= Mountain Man (novel) =

1965 novel by Vardis Fisher

First edition (publ. William Morrow)

Mountain Man is a 1965 novel written by Vardis Fisher. Set in the mid-1800s United States, it tells the story of Sam Minard, a hunter/trapper living and wandering throughout Montana, Wyoming and Idaho. The book is separated into three parts: Lotus, Kate and Sam. The novel is largely a fictionalized retelling of the experiences of the real mountain man Liver-Eating Johnson. According to biographer Dorys C. Grover, Warner Brothers filmed an adaptation of Mountain Man in 1972, released as Sydney Pollack's Jeremiah Johnson.

==Synopsis==
In "Lotus", Sam stumbles upon the grisly scene of an Indian massacre. A lone woman is left alive, mourning the deaths of her two sons and daughter, and the kidnapping and scalping of her husband. Sam helps the distraught woman bury her dead and even builds her a cabin, putting the word out to other "mountain men" to watch over her and supply her with necessities of life. Sam takes a wife from the Flathead Indian tribe, eschewing her difficult Indian name in favor of the name Lotus. Lotus becomes pregnant, and Sam leaves her at his cabin for the winter months, unwilling to subject his pregnant wife to the rigors of sleeping outdoors while he plies his trade of trapping for furs. Upon returning to the cabin in spring, Sam finds his little family had been slaughtered just 10 days before his return.
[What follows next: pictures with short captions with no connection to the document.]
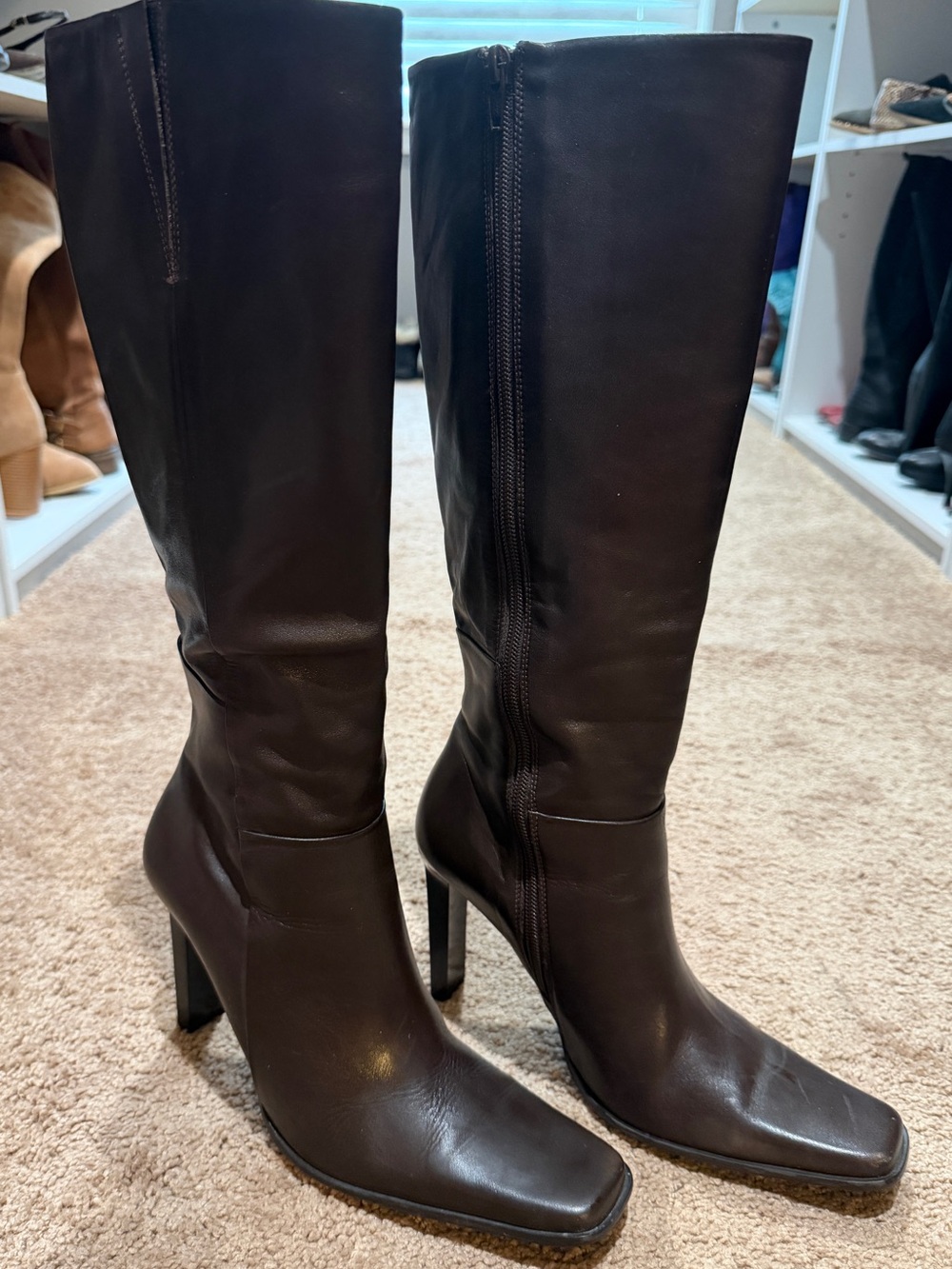 Diba Dark Brown Leather Knee-High Heeled Boots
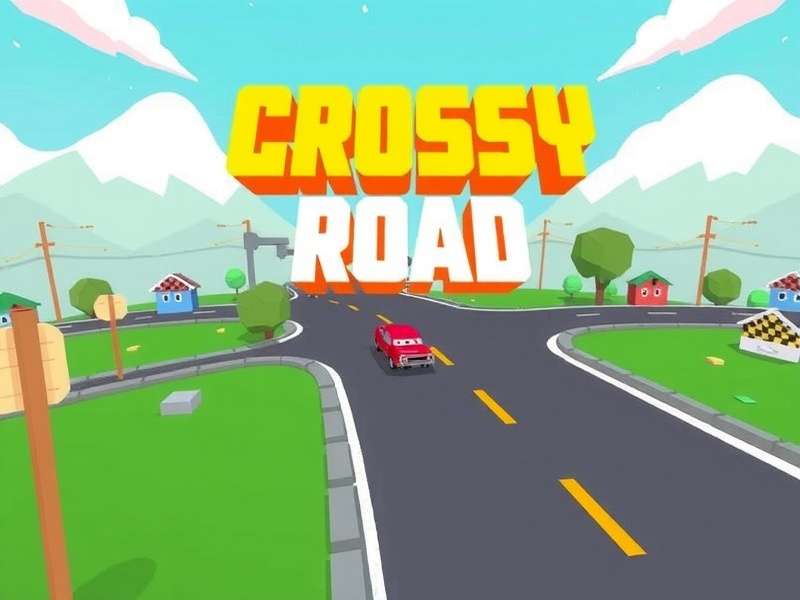 Crossy Road game running on Windows 11 laptop with colorful pixel art graphics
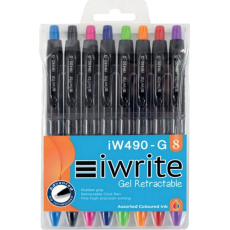 IWrite Retractable Gel Pens 8's 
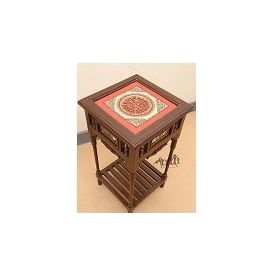 Aakriti Arts Corner Table Teak Wood with Dhokra Brass Work and Warli Art, wooden brown, 18 x18 x24  inch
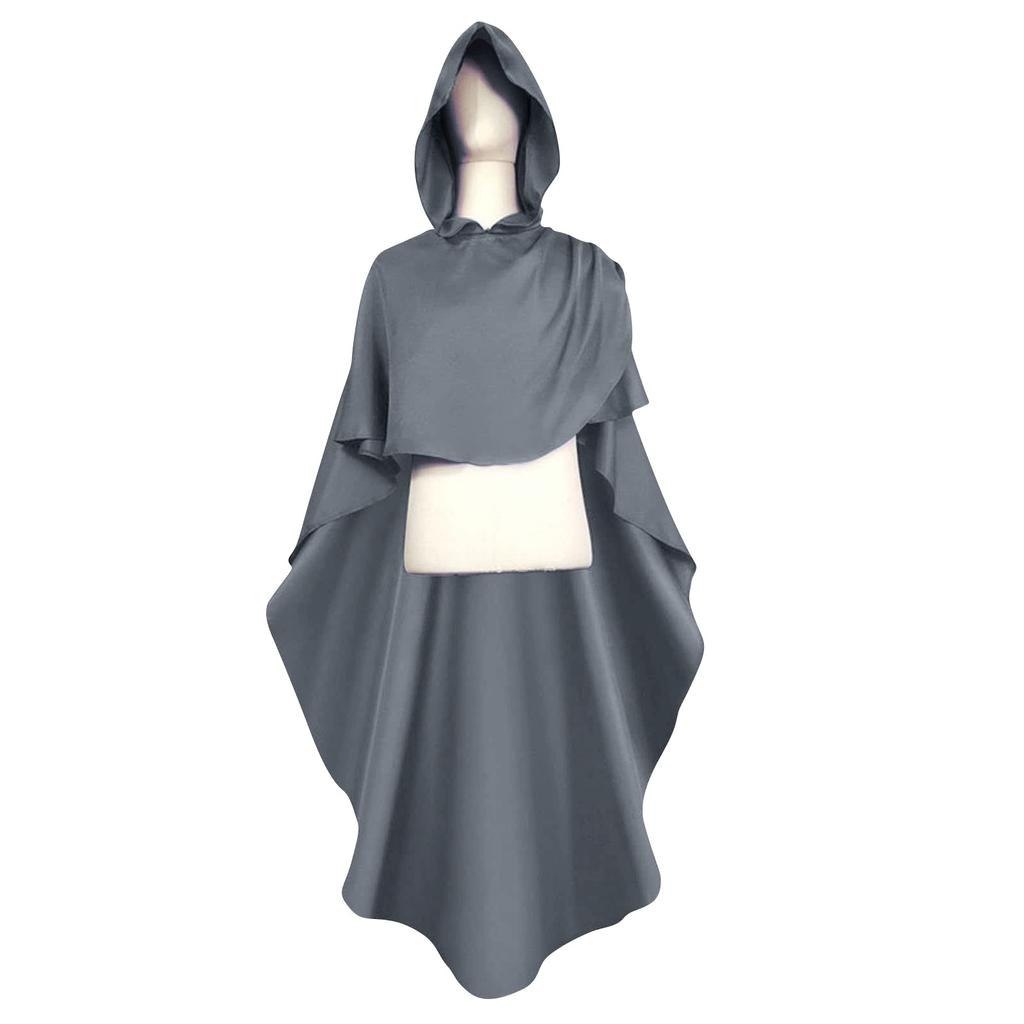 Длинная накидка с капюшоном для взрослых, близко к коже, идеальный плащ-невидимка, костюмы для коктейльной вечеринки на Хэллоуин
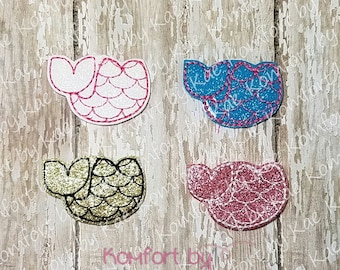 Glitter Mermaid Tail Felties- (set of 4) UN-CUT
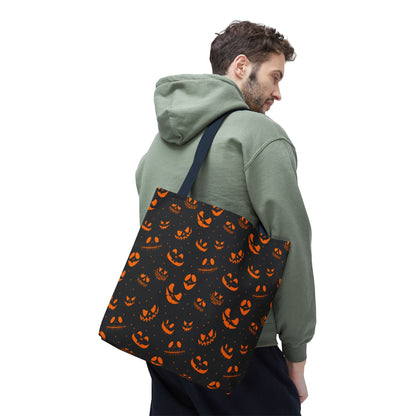 Spooky Jack-O'-Lantern Faces Pattern Tote Bag | Neon Orange & Black Halloween Shopper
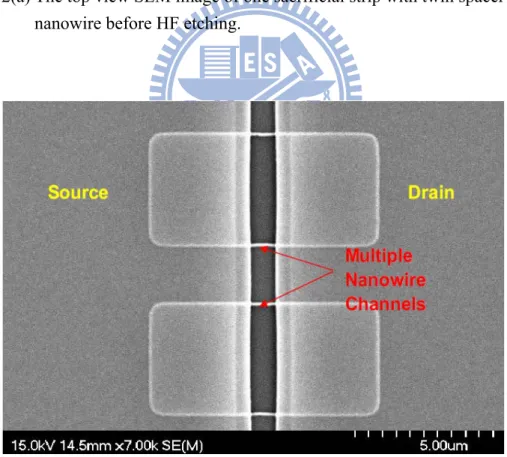 Fig. 2-2(b) The top view SEM image of one sacrificial strip with twin spacer  nanowire after HF etching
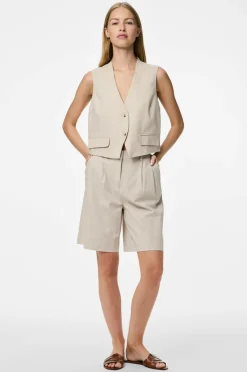 pieces Vest pcTiki Waist Coat Silver gray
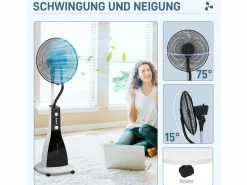 Discount Ventilador con función nebulizador 3L, 90W, 3 modos, temporizador, oscilante, ruedas, (44,5x38,5x120cm) Negro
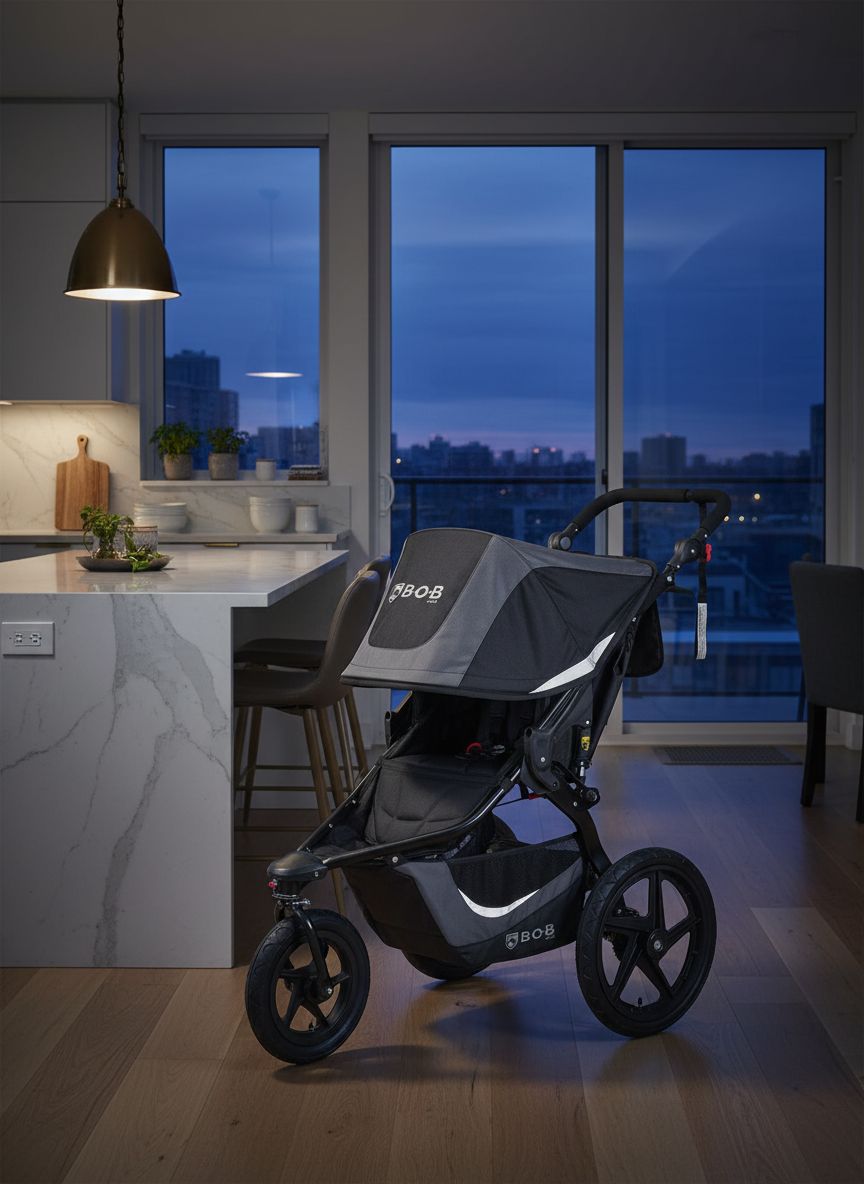 Modern graphite black jogging stroller with large all-terrain wheels and ergonomic parent handlebar for newborn and infant use โ view 6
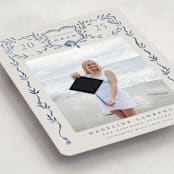 "Grad Crest" - Graduation Announcements in Indigo by Petra Kern - Detail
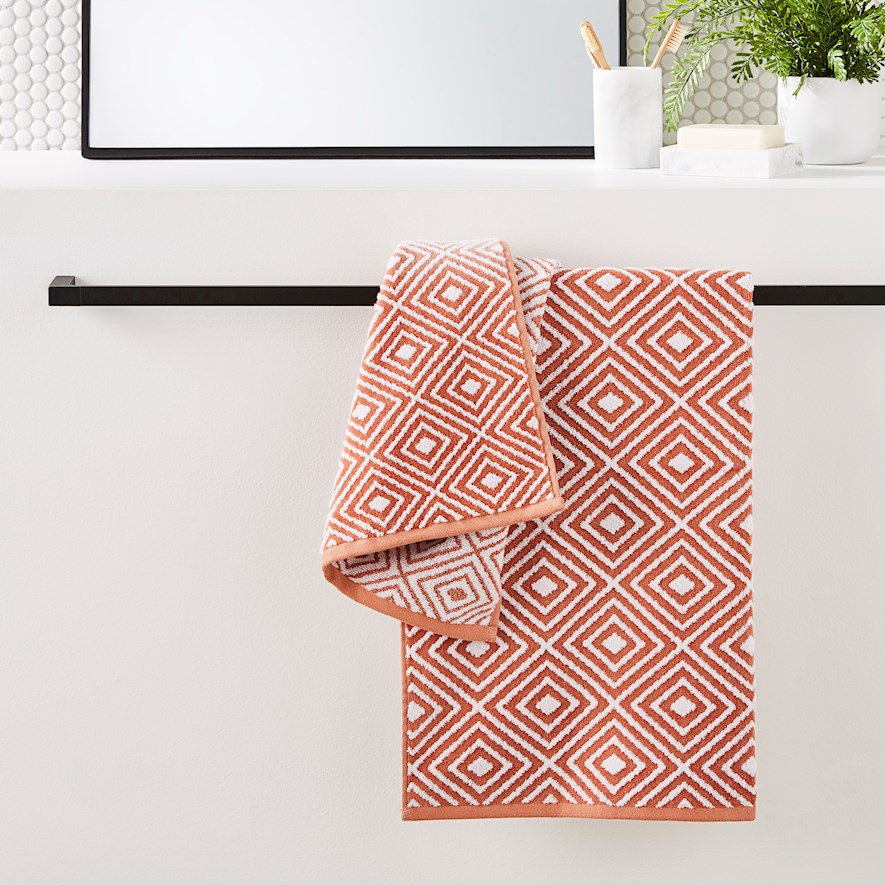Diamond Geo Earth Towel Range Adairs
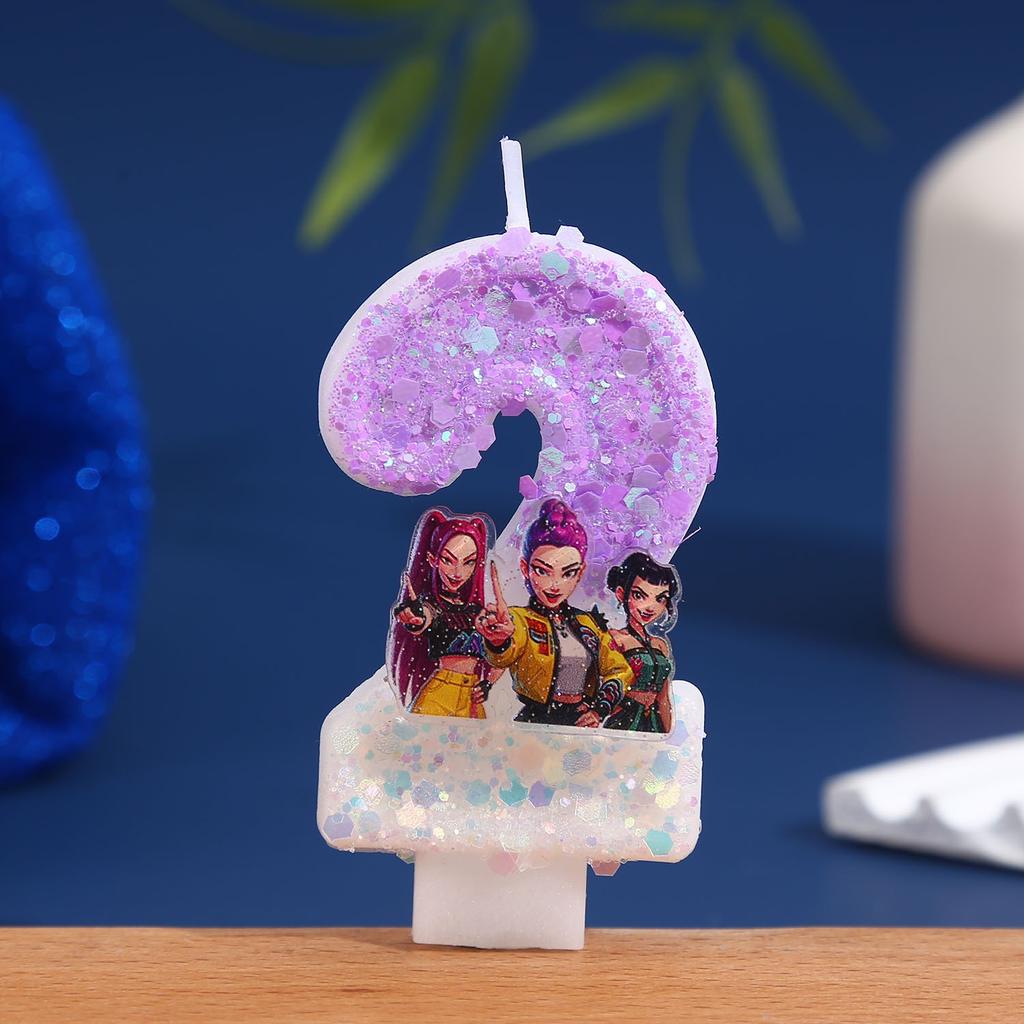 NEW 0-9 Candle for KPop Demon Hunters Digital Candle Cake Decoration Numi Mira Zoe Cake Top Birthday Party Cake Decoration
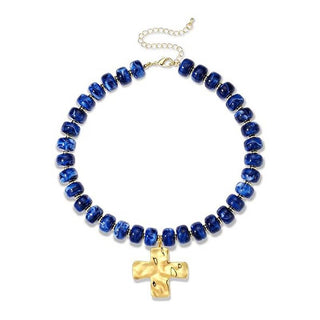 Flat Disc Bead Cross Pendant Necklace Adjustable Choker: Colorful / M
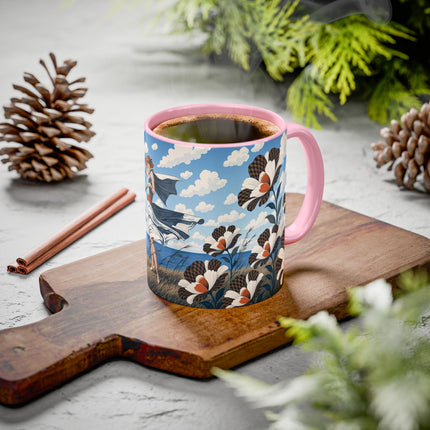 🌊🌼 The Windswept Seaside Promenade Colorful Mug – Art Deco Coastal Elegance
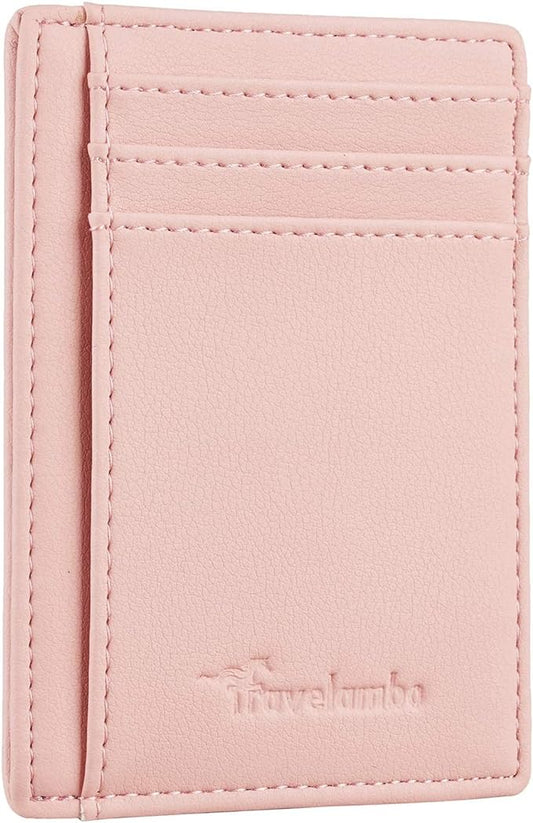 Travelambo Front Pocket Minimalist Leather Slim Wallet RFID Blocking Medium Size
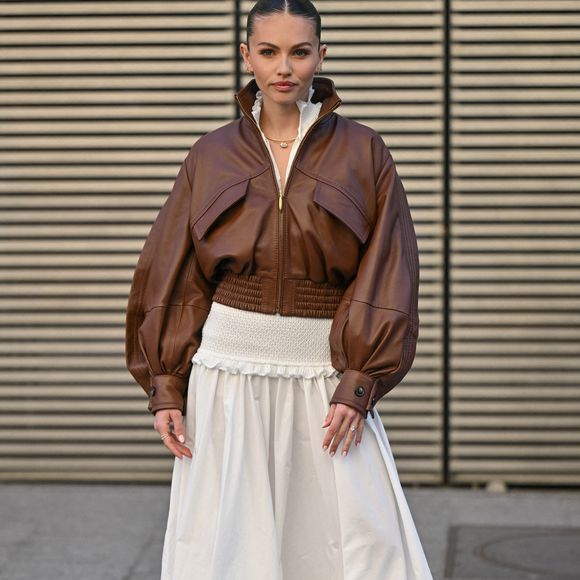 Thylane Blondeau à son arrivée au défilé Zimmermann lors de la Fashion Week de Paris, en France, le 9 mars 2026. Photo : Julien Reynaud/APS-Medias/ABACAPRESS.COM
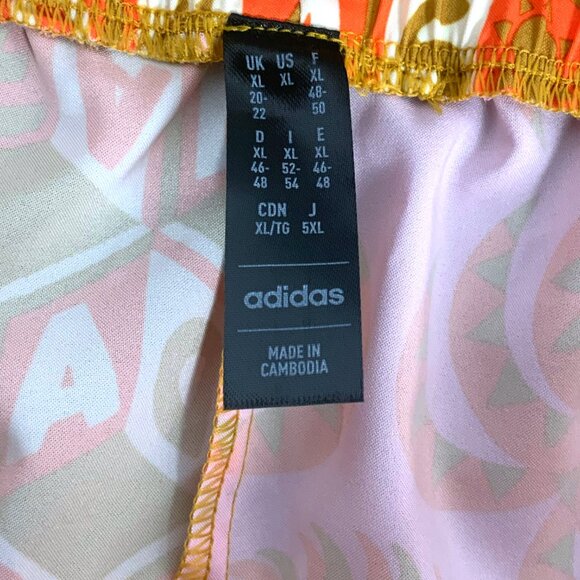 NWT FARM Rio x Adidas Logo Print Pacer Shorts Collab XL Pink Green Abstract - Picture 11 of 13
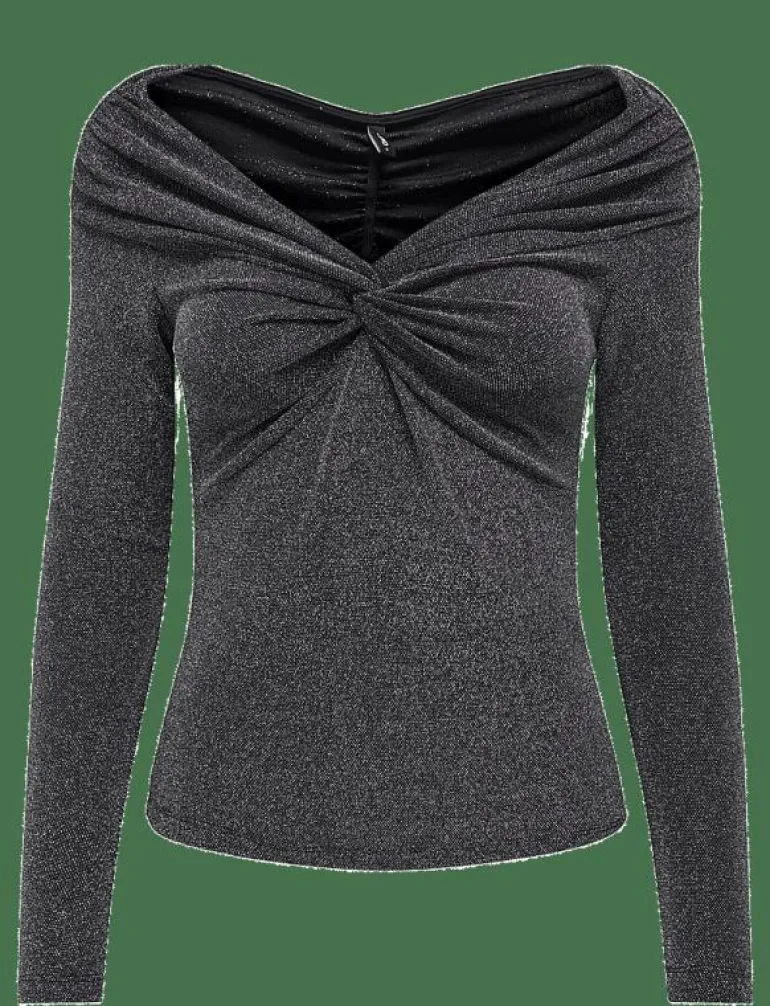 ONLQUEEN L/S GLITTER TOP JRS - Långärmade toppar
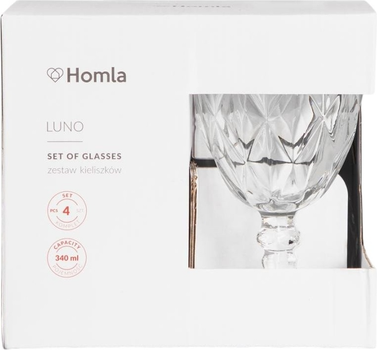 Zestaw kieliszków Homla LUNO do wina 340 ml 4 szt (5906496748257)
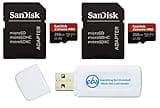 SanDisk 256GB Extreme Pro MicroSD Memory Card (2 Pack) Works with DJI Air 2S, Air 2, Mini, Mini 2, Mavic 2 Drone (SDSQXCD-256G-GN6MA) Bundle with 1 Everything But Stromboli MicroSDXC & SD Card Reader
The sign left by the murderers indicates that members of the Crow tribe are responsible, and Sam sets out on a path of vengeance, vowing to kill every member of the tribe that killed his family.

The story focuses on the lives of mountain men, those who have forsaken big city living in favor of the harsher, more violent, yet to them more rewarding lives spent communing freely with nature.